→ **PROMPT**: Go through the records below and show every line with the string "Image".

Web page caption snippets
◇ ◇ ◇ ◇ ◇ ◇ ◇

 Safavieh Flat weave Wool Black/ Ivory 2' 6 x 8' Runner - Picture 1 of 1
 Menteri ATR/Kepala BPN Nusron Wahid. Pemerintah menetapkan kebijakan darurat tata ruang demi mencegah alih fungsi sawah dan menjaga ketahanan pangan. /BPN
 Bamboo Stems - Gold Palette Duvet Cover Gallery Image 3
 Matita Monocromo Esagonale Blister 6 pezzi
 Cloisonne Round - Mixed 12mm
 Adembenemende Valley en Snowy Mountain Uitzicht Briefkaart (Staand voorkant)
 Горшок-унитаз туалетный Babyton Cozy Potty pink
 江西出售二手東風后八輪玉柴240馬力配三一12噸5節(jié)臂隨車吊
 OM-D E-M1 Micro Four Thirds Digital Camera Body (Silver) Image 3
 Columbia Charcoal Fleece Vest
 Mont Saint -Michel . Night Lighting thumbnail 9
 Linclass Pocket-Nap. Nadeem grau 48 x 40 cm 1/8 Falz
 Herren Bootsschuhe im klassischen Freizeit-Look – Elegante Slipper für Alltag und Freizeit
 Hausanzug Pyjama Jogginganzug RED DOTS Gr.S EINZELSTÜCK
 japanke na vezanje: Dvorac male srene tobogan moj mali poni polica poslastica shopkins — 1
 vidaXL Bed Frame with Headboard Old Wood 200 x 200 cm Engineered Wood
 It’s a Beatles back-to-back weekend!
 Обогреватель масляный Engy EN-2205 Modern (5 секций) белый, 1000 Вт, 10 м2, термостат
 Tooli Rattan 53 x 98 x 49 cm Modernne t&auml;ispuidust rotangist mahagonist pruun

◇ ◇ ◇ ◇ ◇ ◇ ◇

→ **THE COMPLETED TASK**:
 Bamboo Stems - Gold Palette Duvet Cover Gallery Image 3
 OM-D E-M1 Micro Four Thirds Digital Camera Body (Silver) Image 3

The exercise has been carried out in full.